The blue line between rows separates each textual near duplicate group.

Textual Near Duplicates view advanced settings

Select the following options when creating the Textual Near Duplicates view:

  • Group Definition - the relational field that is selected for the Destination Textual Near Duplicate Group field on the structured analytics set layout (e.g., Textual Near Duplicate Group).

Textual Near Duplicates view fields

Add the following output fields to your Textual Near Duplicates view:

  • <Structured Analytics Set prefix>::Textual Near Duplicate Principal - identifies the principal document with a "Yes" value. The principal is the largest document in the duplicate group. It acts as an anchor document to which all other documents in the near duplicate group are compared.
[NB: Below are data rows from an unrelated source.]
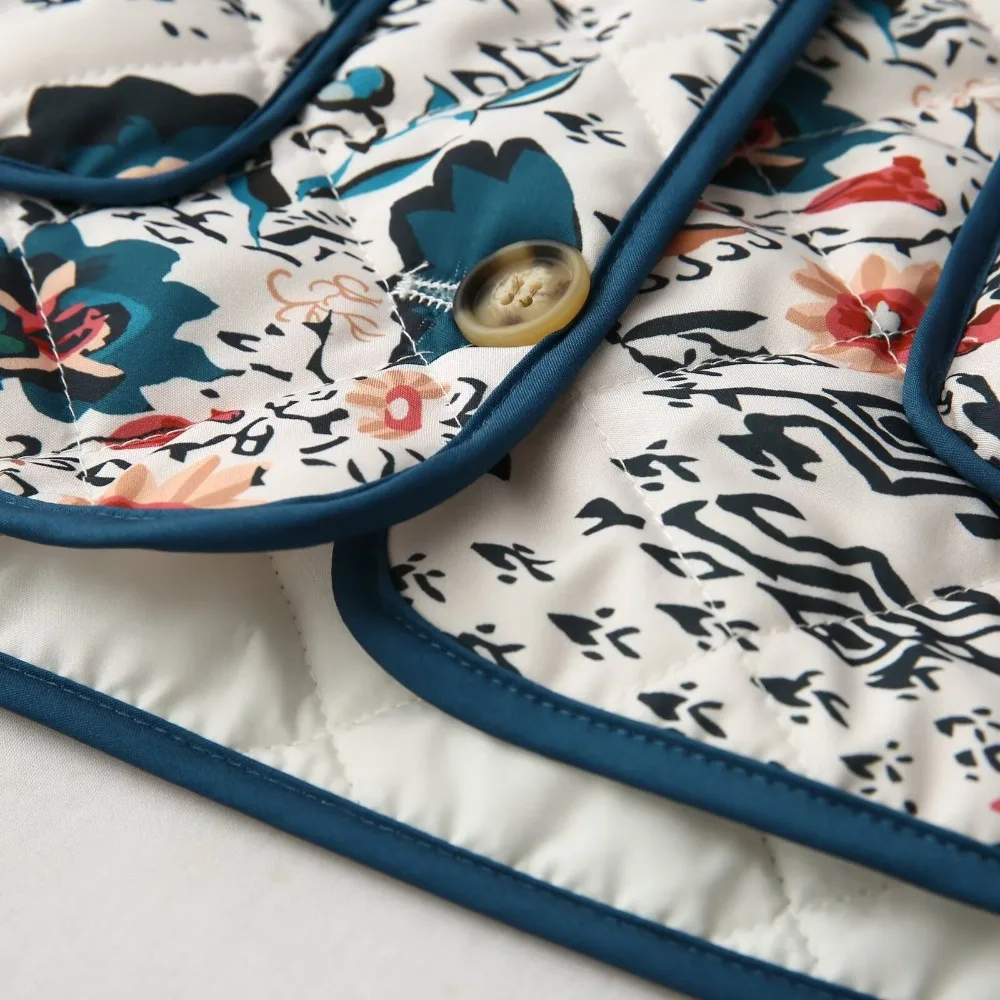 TRAF ZR High Street куртки с цветочным принтом для женщин винтажные уютные стеганые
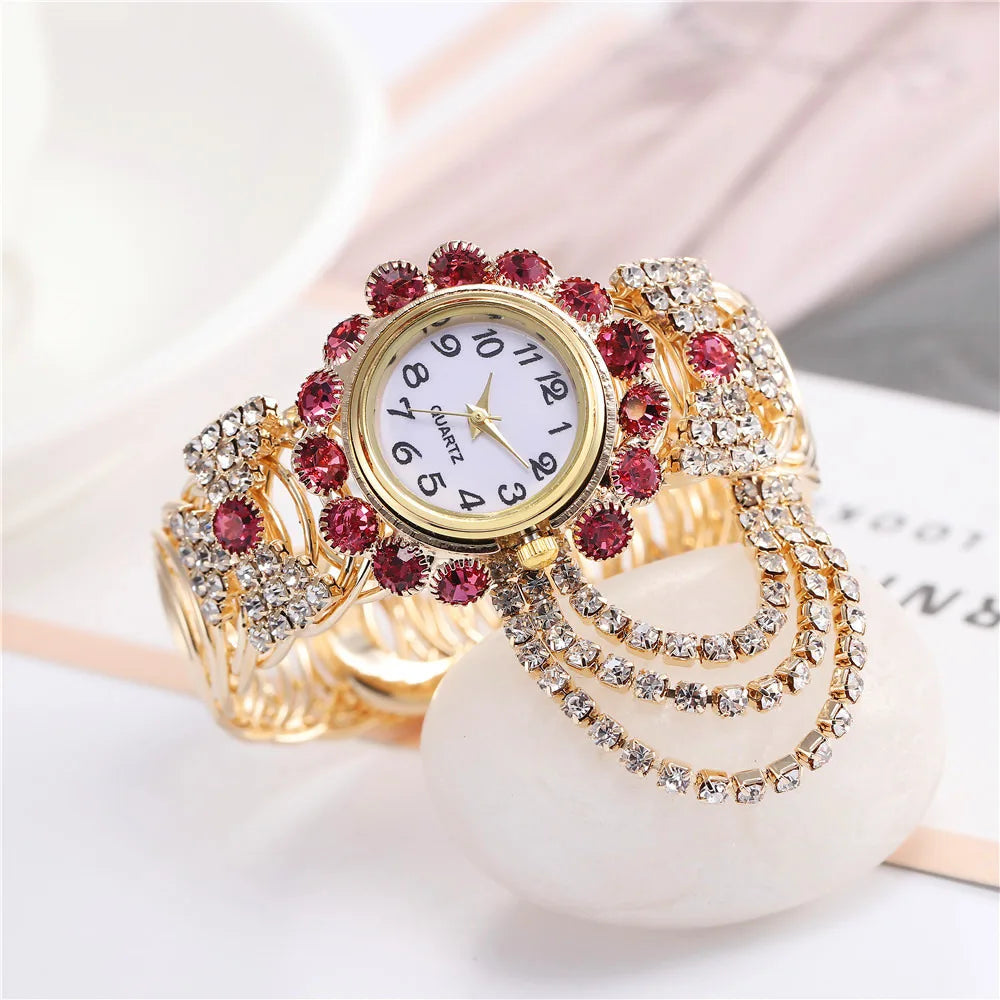 Reloj de pulsera brillante para mujer, elegante Reloj de pulsera de acero inoxidable de oro rosa de lujo, Reloj de pulsera con diamantes de imitación para mujer, Reloj saati
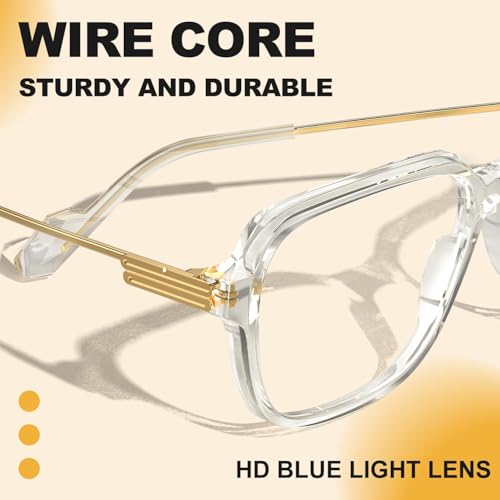 Image of VISOONE Oversized Blue Light Blocking Glasses with Chic Square TR90 Frame and Metal Temple for Women Men Ryan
If the document does not match with any other document in the data set, this field is set to No.
  • <Structured Analytics Set prefix>::Textual Near Duplicate Similarity - the percent value of similarity between the near duplicate document and its principal document. If the document does not match with any other document in the data set, this field is set to 0.
  • <Structured Analytics Set prefix>::Textual Near Duplicate Group - this is the field that acts as the identifier for a given group of textual near duplicate documents. If the document contains text but does not match with any other document in the data set, this field is empty. Documents that only contain numbers or that do not contain text will have the <Structured Analytics Set prefix>::Textual Near Duplicate Group field set to numbers-only or empty, respectively.

Textual Near Duplicates view conditions

To only return documents included in textual near duplicate groups for a specific structured analytics set, set the following condition:

  • <Structured Analytics Set prefix>::Textual Near Duplicate Group : is set

Optionally, you can exclude the documents that were in the Structured Analytics set but were excluded for not containing text or only containing numbers.  You may add either or both of the following additional conditions using the AND operator to exclude these documents as well.

  • <Structured Analytics Set prefix>::Textual Near Duplicate Group : is not - empty
  • <Structured Analytics Set prefix>::Textual Near Duplicate Group : is not - numbers-only

Textual Near Duplicates view sorting

Configure ascending sorts on the following fields in your Textual Near Duplicates view to list the textual near duplicate principals with the highest percentage of textual near duplicate similarity for a specific structured analytics set at the top of the screen:

  • <Structured Analytics Set prefix>::Textual Near Duplicate Group - Ascending
  • <Structured Analytics Set prefix>::Textual Near Duplicate Principal - Descending
  • <Structured Analytics Set prefix>::Textual Near Duplicate Similarity - Descending

Assessing similarities and differences with Document Compare

You can use the Document Compare function to compare two documents to assess their similarities and differences. See Document compare.

Note: You may notice variations between the Document Compare Similarity and Near Duplicate Similarity scores. This difference occurs because Document Compare takes formatting and white spaces into account.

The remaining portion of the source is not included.